In un mondo dove la tecnologia è parte integrante e insostituibile delle nostre vite, sono i “nativi digitali” ad essere più esposti ai pericoli che incombono quando la linea tra la vita “online” e quella “offline” diventa sottile. Tra questi pericoli il cyberbullismo è forse il peggiore. Con cyberbullismo si intende l’uso delle nuove tecnologie (dagli smartphone ai social media) per intimorire, molestare, mettere in imbarazzo, far sentire a disagio o escludere altre persone. I danni, proprio per la particolarità dei mezzi utilizzati, possono essere di portata imprevedibile, come ci dimostrano i sempre più frequenti casi di cronaca. Esiste, però, anche il “lato buono” della tecnologia: app, piattaforme, forum che si sono posti l’obiettivo di contrastare questo fenomeno.

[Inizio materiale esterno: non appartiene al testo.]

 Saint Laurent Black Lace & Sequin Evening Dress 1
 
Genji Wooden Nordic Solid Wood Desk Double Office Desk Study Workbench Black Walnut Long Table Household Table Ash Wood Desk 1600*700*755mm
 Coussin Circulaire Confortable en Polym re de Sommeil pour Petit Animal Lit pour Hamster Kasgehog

App “antibullo”: social media al servizio dei più giovani
Negli ultimi anni sono nate startup “antibullo” con l’obiettivo di convertire il potere dei social mettendolo al servizio dei più giovani, per educarli prima di tutto al rispetto reciproco, ma anche per responsabilizzarli ad un uso corretto del web e alla condivisione con gli altri utenti. L’insulto non è contemplato e l’anonimato è tradotto in condivisione d’esperienze. Ma soprattutto la supervisione di un adulto rimane fondamentale.
Vediamo qualche esempio:
· Con Kudos, che ricorda molto le meccaniche di Instagram, i piccoli utenti possono condividere, apprezzare e commentare foto e disegni dei propri amici, in un ambiente controllato e improntato ad un cordiale scambio di esperienze.
· Lego Life è un social nato per gli utenti di età inferiore ai 13 anni. Proprio per il sensibile target di riferimento, Lego Life ha adottato una serie di norme di sicurezza per tutelare i piccoli utenti.

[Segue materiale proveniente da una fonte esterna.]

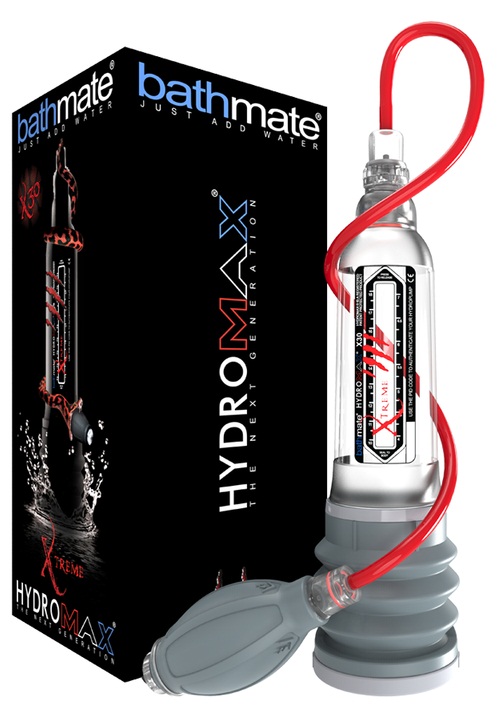 Гидропомпа Bathmate HydromaxXtreme7 (Xtreme X30) для увеличения пениса прозрачного цвета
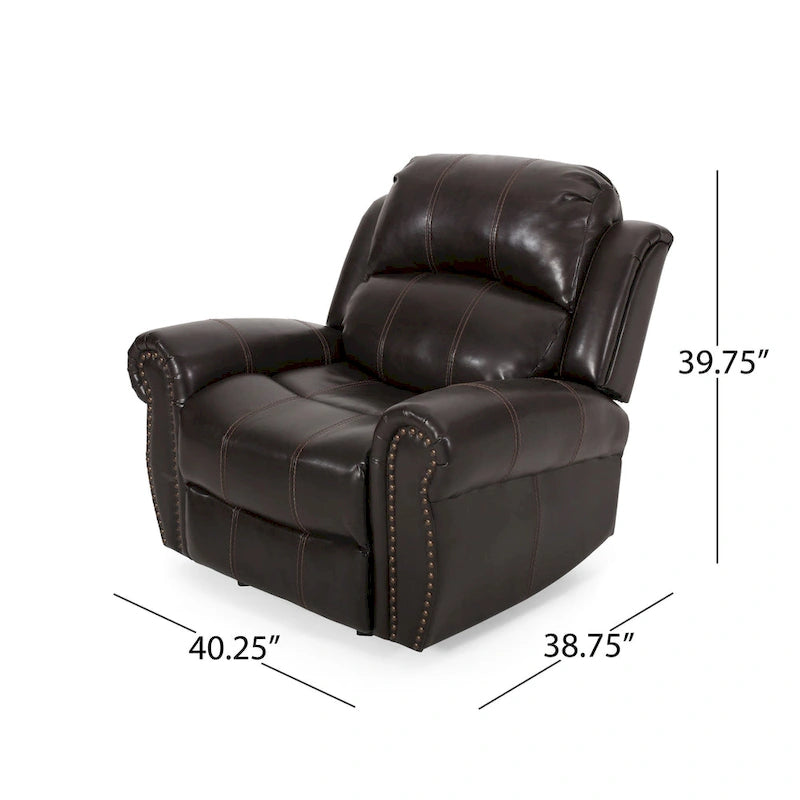 Bonded Leather Glider Recliner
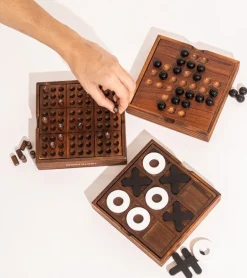 Jeu solitaire en bois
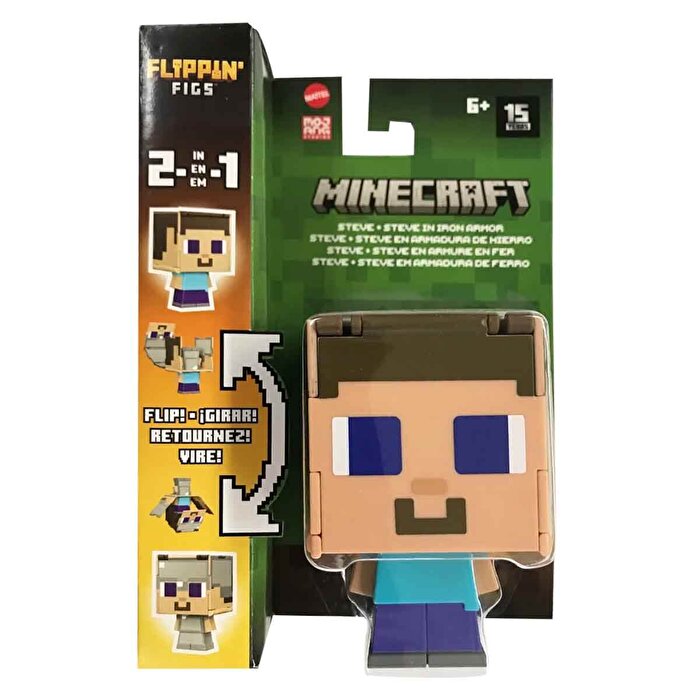 Minecraft Flipping Figs 2'si 1 Arada Figür Steve HTL44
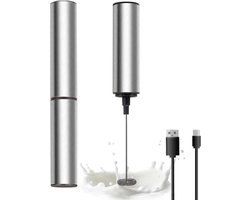 SnelShoppen - Oplaadbare Handmatige Melkschuimer, Krachtige Handkoffieschuimer met USB, Duurzaam ABS, Perfect voor Koffie en Melk, Keukenaccessoire vo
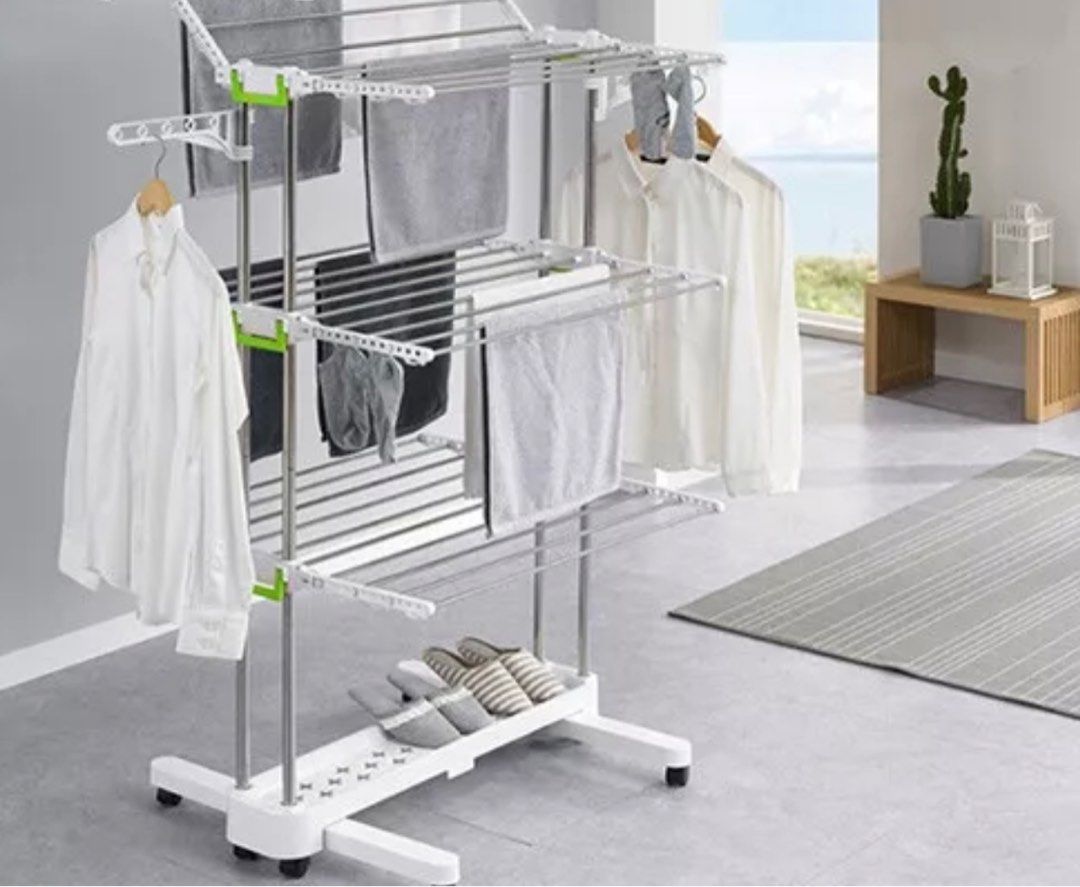 Korean Clothes Rack Furniture Home Living Home Improvement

· To be honest è forse l’esempio più lampante di questo tipo di piattaforme social antibullo. L’obiettivo dichiarato è quello di voler combattere insulti e odio attraverso una parola d’ordine: positività. Gli utenti si interfacciano con i propri amici esclusivamente attraverso complimenti e apprezzamenti. Recentemente To be honest è stata comprata da Facebook e questo mostra chiaramente quanto possa risultare interessante in primis ai grandi colossi questo tipo di problematiche, in cui ormai sono direttamente coinvolti.
Essere genitori digitali
Anche i genitori possono adottare tecnologie per monitorare l’attività web dei loro figli. Ad esempio Kids Place permette di bloccare l’acceso a determinati siti e consente di monitorare messaggi e chiamate. O ancora Qustodio, una delle miglior app per il controllo parentale, pensata per monitorare, gestire e proteggere il dispositivo del proprio figlio quando è in movimento. Altro esempio che vale la pena citare è DinnerTimePlus: permette di bloccare a distanza un dispositivo quando, per esempio, arriva l’ora della cena, dello studio o dimettersi a letto. Essere genitori in un contesto “tecnologico” come il nostro vuol dire confrontarsi con preoccupazioni e problematiche inedite. Ciò significa diventare “genitori digitali”, adottare tutte quelle misure di sicurezza che permettono di salvaguardare il proprio figlio non solo dal mondo reale, ma anche da quello virtuale.